Moreover, the distribution of NBS-encoding genes was not even within the chromosomes and they tended to form clusters in other plants (tandem repeats [2530]) (Table 2). This clustered arrangement has been thought to facilitate sequence exchange through recombinational mispairing [31]. Studies of NBS-encoding genes in Arabidopsis, rice, sorghum and maize also indicated uneven distributions on chromosomes and showed that most NBS-encoding genes were found in clusters [2527, 32]. To identify NBS gene clusters, we used a previous definition [33] that a gene cluster was considered a chromosome or a scaffold region when such region contained two or more genes within 200 kb. Using this criteria, we identified 54, 52, 88 and 147 clusters containing 182, 287, 463 and 520 NBS genes in G. arboreum, G. raimondii, G. hirsutum and G. barbadense, respectively (Table 2, Additional file 1: Table S1, and Additional file 4: Table S2). The size of the clusters varied across the genome from 2 to 86 members (Additional file 4: Table S2). Each cluster had an average of about 3.4, 5.5, 5.3 and 3.5 genes and about 74.0, 78.6, 78.7 and 76.2% of NBS genes occurred in clusters in G. arboreum, G. raimondii, G. hirsutum and G. barbadense, respectively (Table 2). These results indicate that NBS-encoding genes of the four cotton species also tend to form clusters and the average NBS gene numbers per cluster among species were different (Table 2). Interestingly, though the total numbers of NBS-encoding genes among the four cotton species were quite different, their proportions of cluster genes remained relatively unchanged, 74-79% (Table 2). These proportions are greatly different from those of maize (57.0%) and sorghum (91.9%), but only slightly different from those of rice, Arabidopsis or Medicago truncatula (Table 2) [25]. We also identified 298 NBS-encoding genes and 52 NBS clusters in the genome of Theobroma cacao, a close relative of cotton (Additional file 1: Table S1). The 52 NBS clusters contained 241 NBS genes averaging 4.6 genes per cluster. About 80.1% of NBS genes occurred in clusters. Apparently, the proportion of NBS cluster genes in cacao was closer to that in cotton than to that in the other crops such as maize and sorghum. It was speculated that the duplication and clustering of NBS genes may be related to species evolution.
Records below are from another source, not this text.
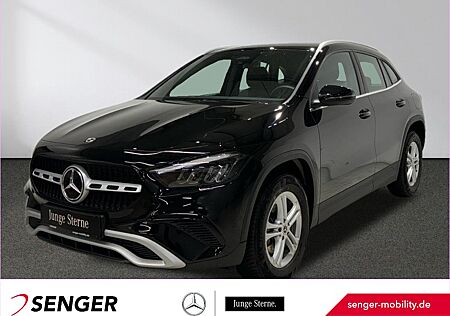 Mercedes-Benz GLA 200 Rückfahrkamera Sitzheizung MBUX-Navi LED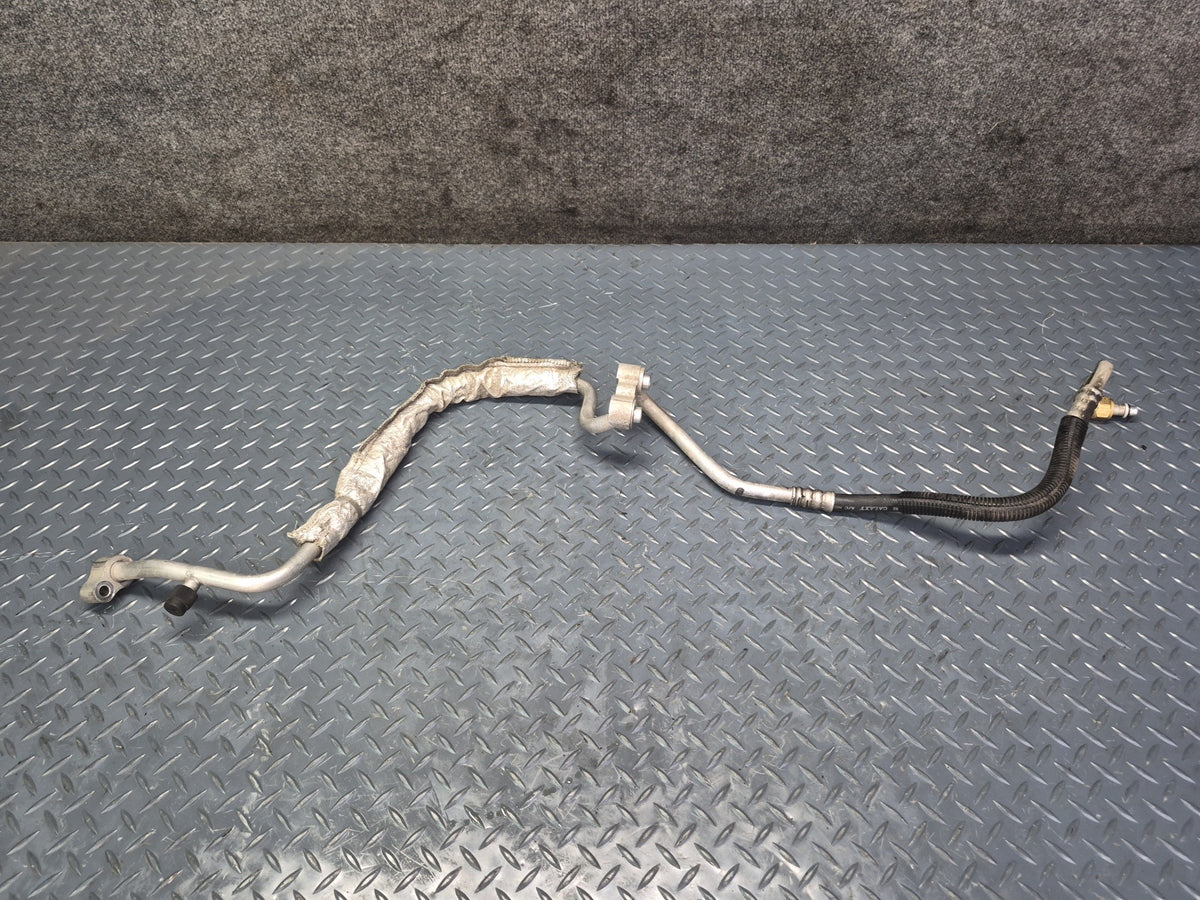 97-04 Chevrolet Corvette C5 Set of 4 A/C Air Condition Hose Pipe Line Dryer OEM
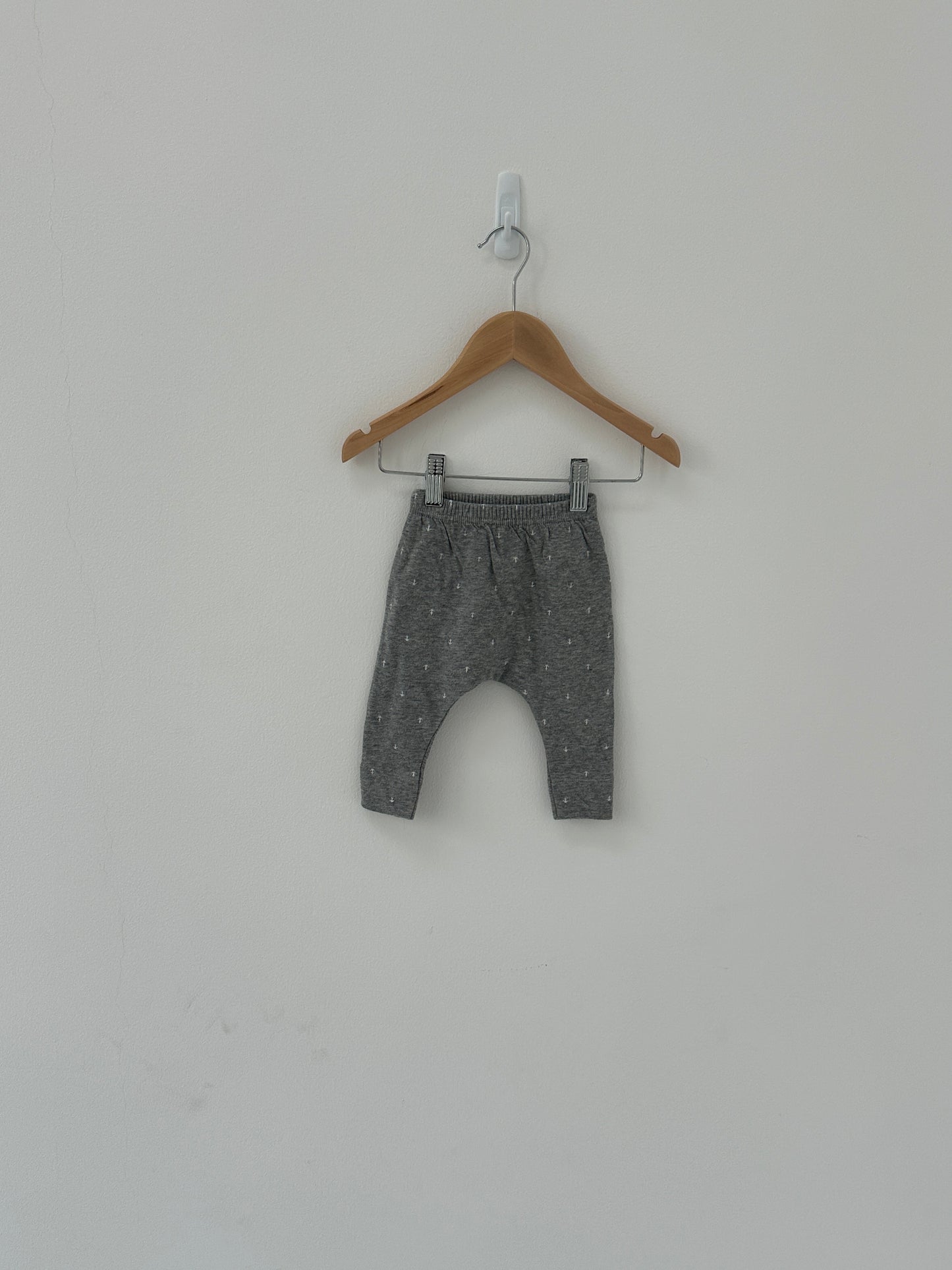 Trousers-Leggings by Petit Bateau- Size 6-months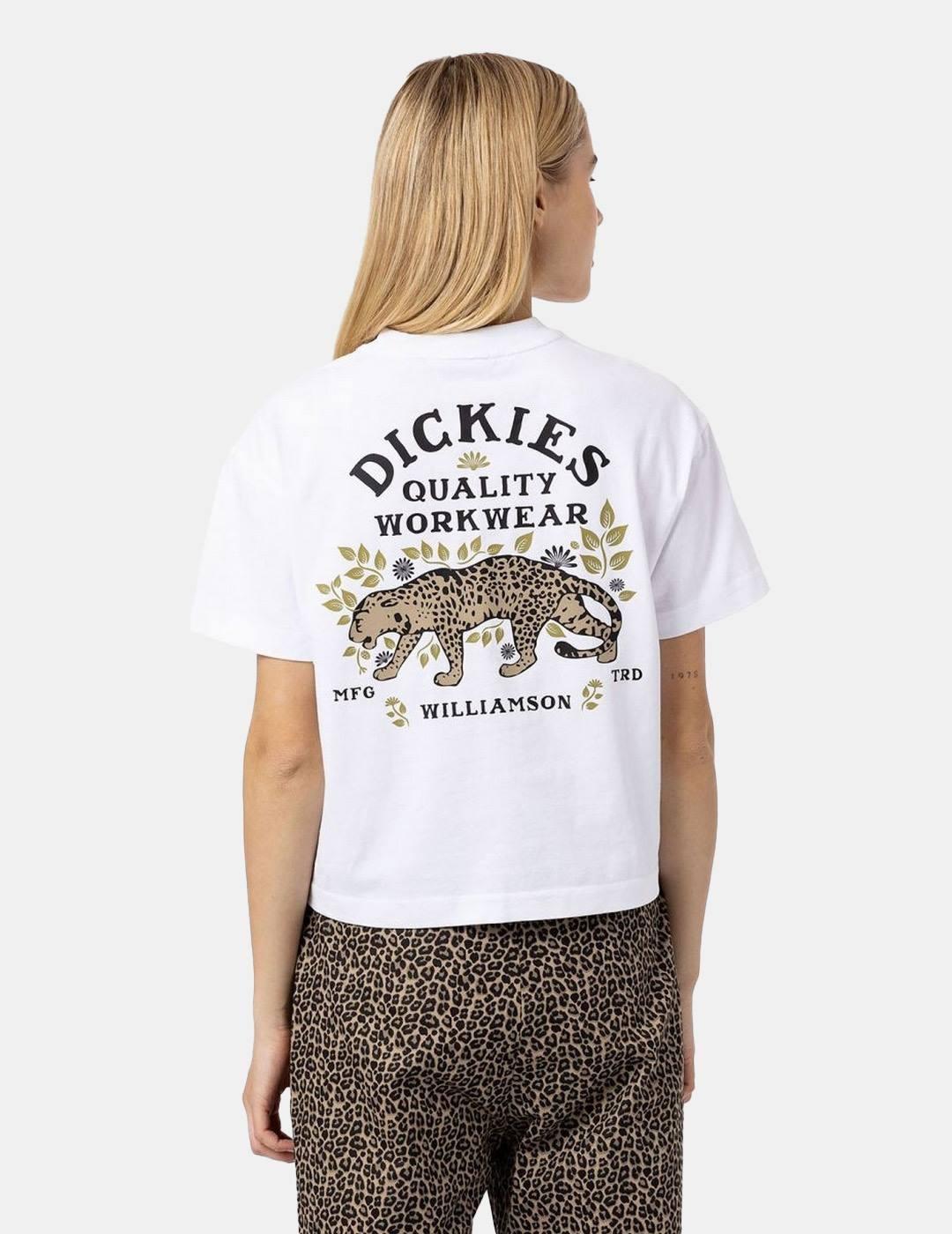 Camiseta Dickies Fort Lewis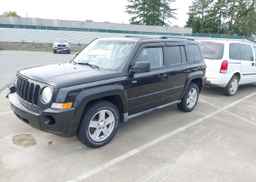 2010 JEEP PATRIOT SPORT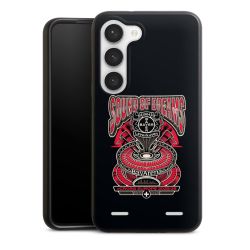 Organic Carry Case Hülle schwarz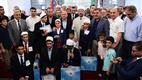 Diyanet İşleri Başkanı Erbaş, ‘Hafızlık Yarışması Türkiye Finali’ne katıldı...
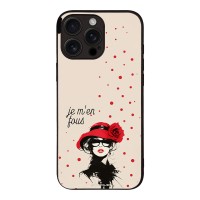 Θήκη Sonique DIVA Series για Apple iPhone 16 Pro Max Ζαμάν Φου
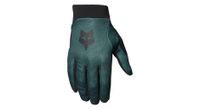 guantes largos para mtb fox ranger verde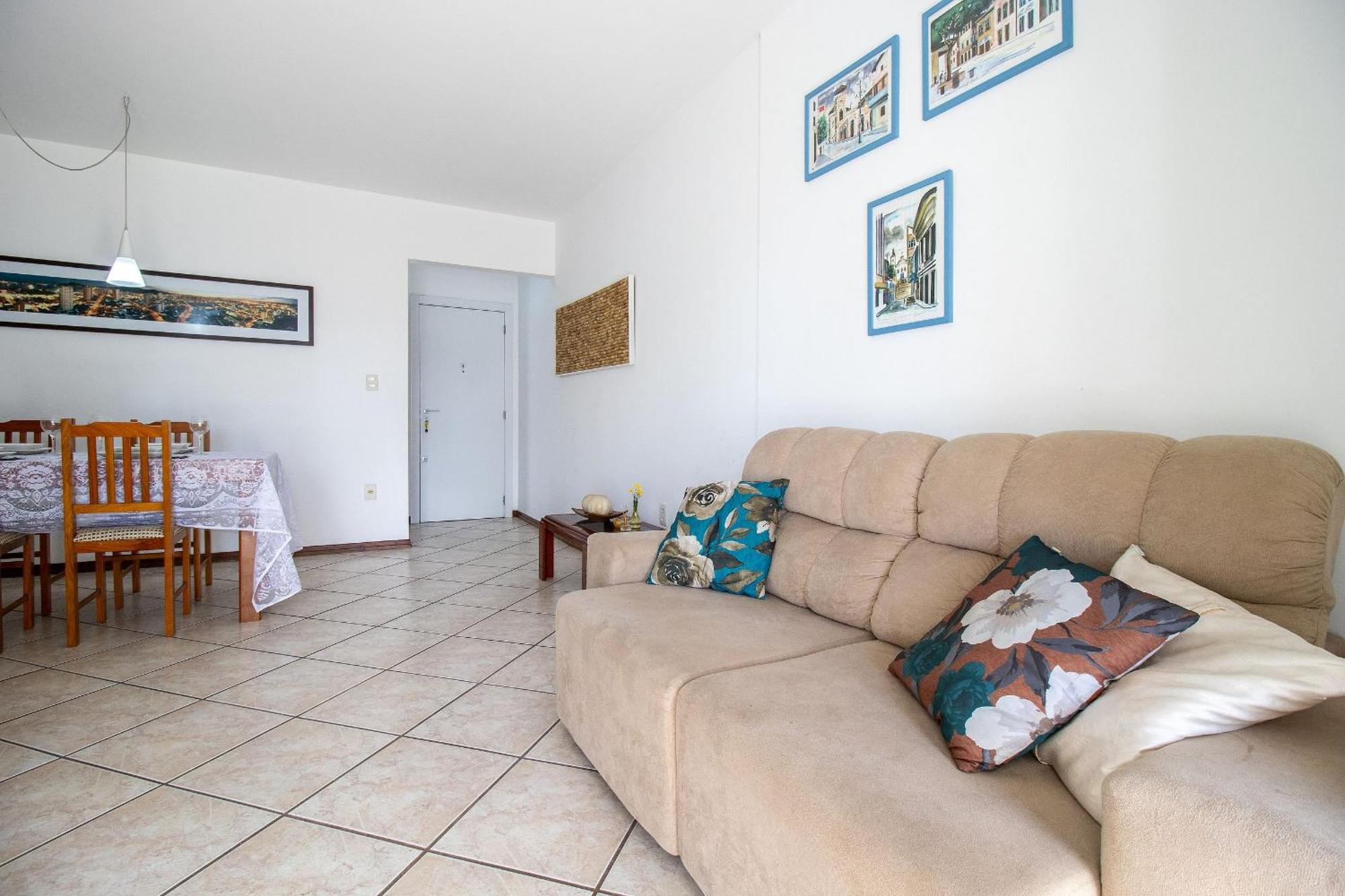 Dto153 - Quadra Do Mar, Churrasqueira, 15o Andar Apartment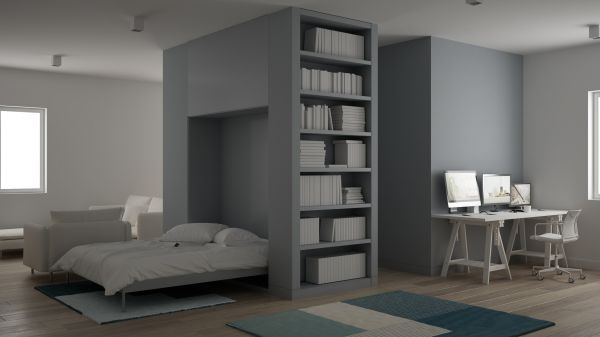 Murphy Bed Assembly in Arlington Heights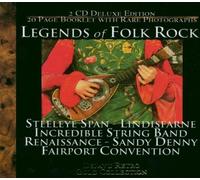 Lindisfarne – Legends of Folk Rock – Import (Retrò)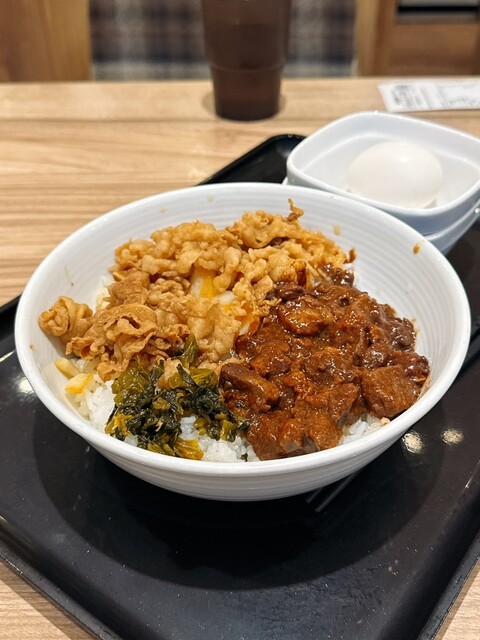 Yoshinoya Yonjuichigosen Toyoba Minami Ten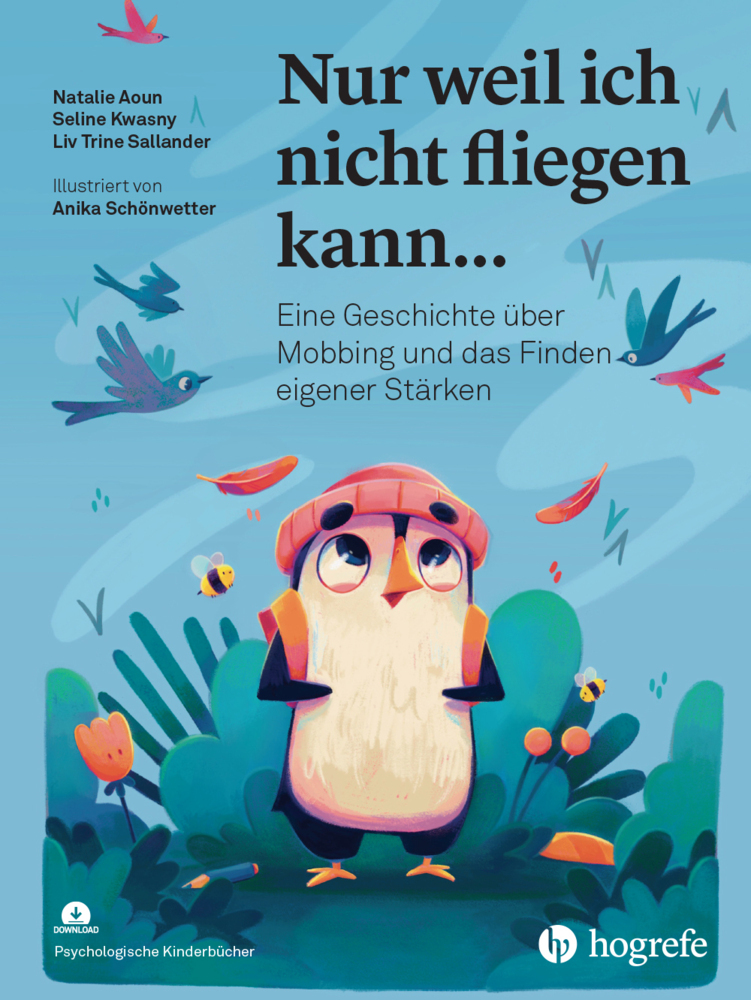 Nur weil ich nicht fliegen kann... main product photo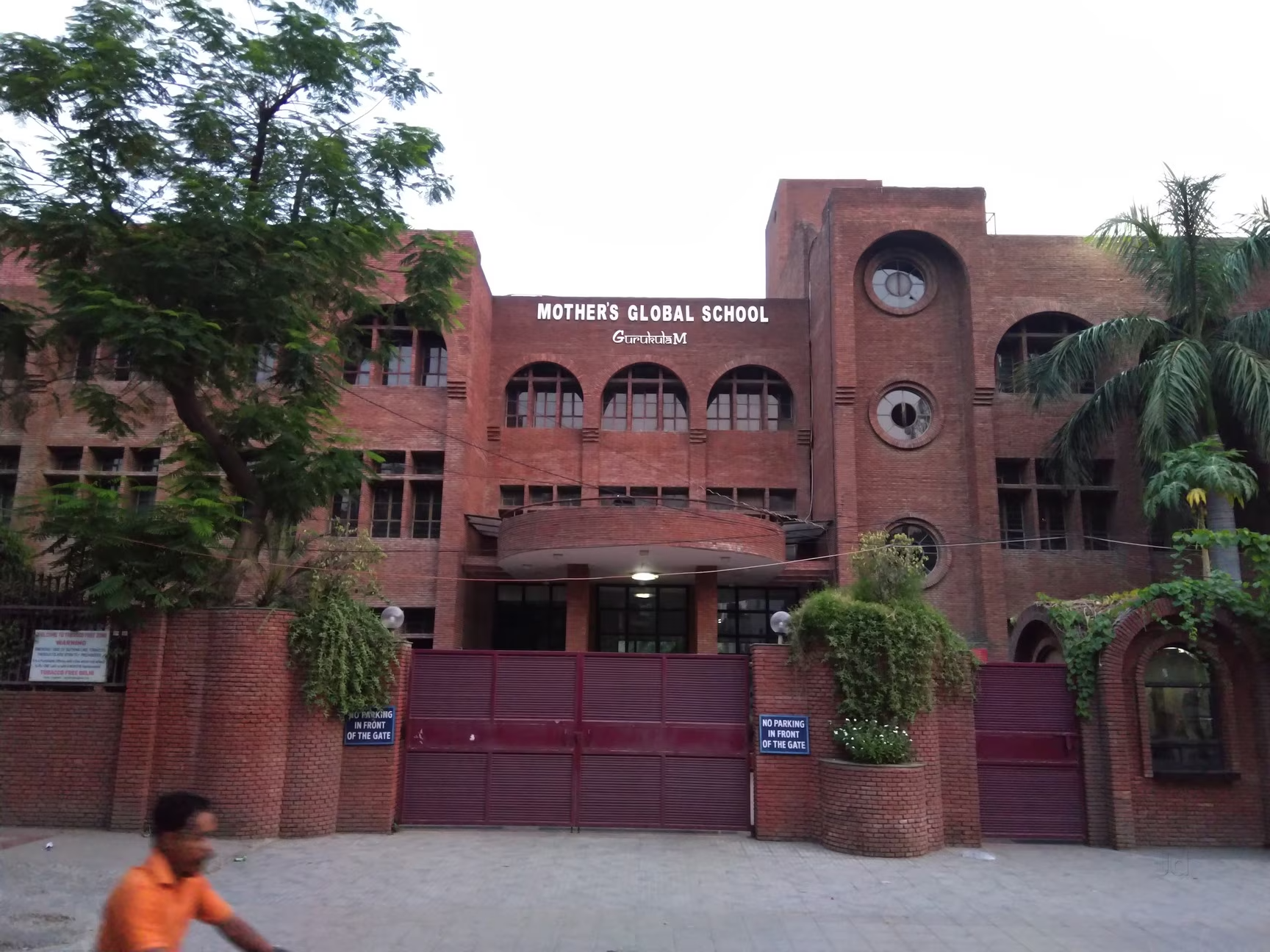 Mother's Global School, Preet Vihar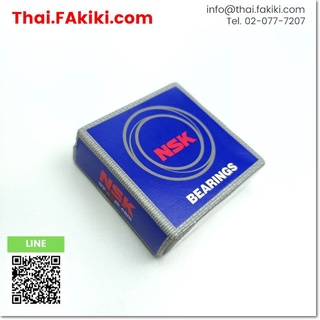 พร้อมส่ง,(A)Unused, 6004ZCM Bearing ,ตลับลูกปืน สเปค - ,NSK (66-003-541)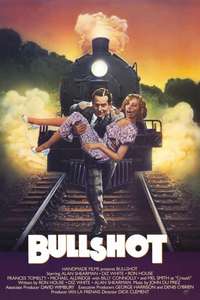 Bullshot - Posters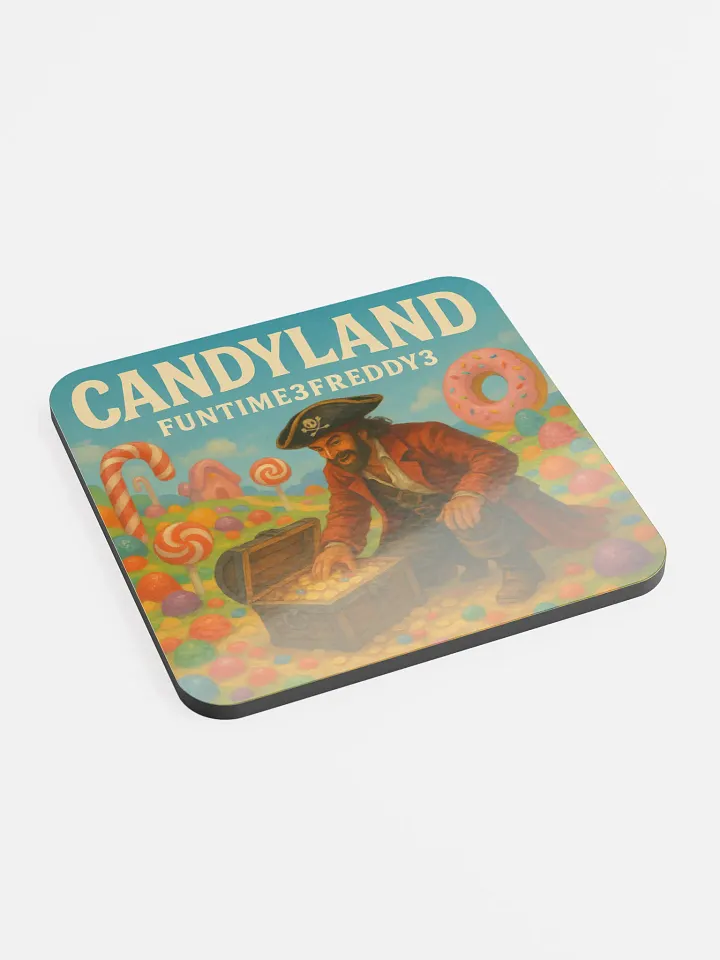Candyland Coaster product image (2)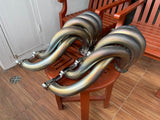 SPEEDTEK=Nissan Skyline RB20 RB25 GTSR Insipred Low Mount Exhaust Manifold R32 R34
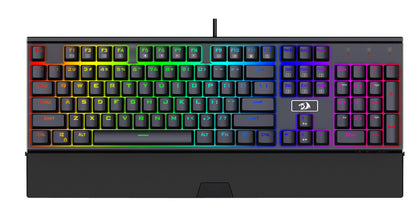 Mechanical Keyboard RGB Backlit, RGB Mechanical Gaming Keyboard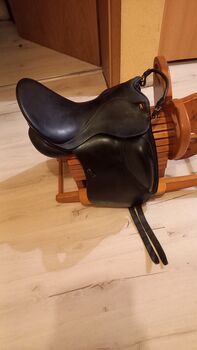 Dressursattel, MK, Sybille Hurst, Dressage Saddle, Schwanau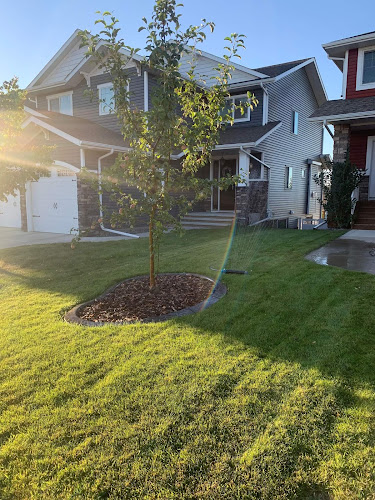 Clover Landscaping Red Deer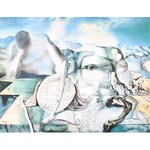 Salvador DALI (1904-1989), El enigma sin fin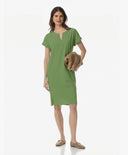 Dress | Regular Travel | Okichi | Wasabi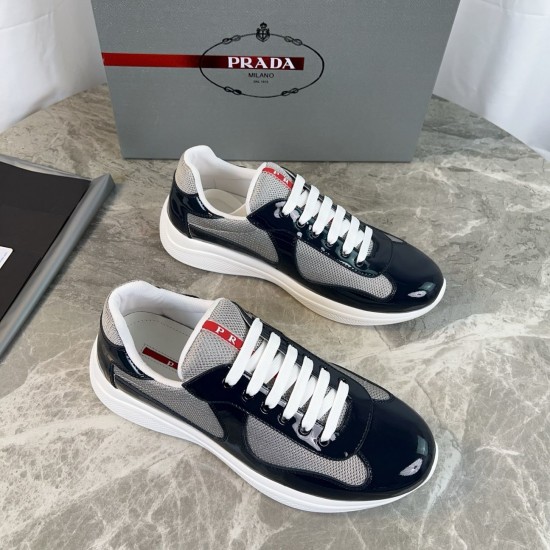 Prada Shoes: Top Quality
Table 2 Organization of NBS-encoding genes in ten plant genomes

Similarity analysis of NBS-encoding genes among the four cotton species

Allotetraploid G. hirsutum and G. barbadense originated from interspecific hybridization between the A-genome species G. arboreum (A2) and the D-genome species G. raimondii (D5) [1]. To further elucidate the evolutionary relationship of NBS-encoding genes between the allotetraploid and the diploid cotton species, the NBS-encoding proteins with sequence similarity greater than 90, 80, 70, 60, 50, 40 and 30% between the allotetraploid and diploid cotton species were identified (Additional file 5: Table S3, Additional file 6: Table S4, Table Additional file 7: Table S5, Additional file 8: Table S6), respectively. The numbers of non-redundant NBS-encoding genes under different similarity level in G. hirsutum, G. barbadense, G. arboreum and G. raimondii were then calculated, respectively (Table 3). The results revealed that the number of non-redundant NBS-encoding genes in G. hirsutum or G. barbadense increased with decreasing sequence similarity, but the amount of increases became smaller (Table 3). For sequence similarity greater than 70%, the proportion of NBS-encoding genes in G. hirsutum or G. barbadense was greater than 75%. For sequence similarity greater than 50%, the proportion of NBS-encoding genes in G. hirsutum or G. barbadense was greater than 90%. Therefore, NBS-encoding genes of the allotetraploid cotton had high amino acid sequence similarity with that of the diploid cotton.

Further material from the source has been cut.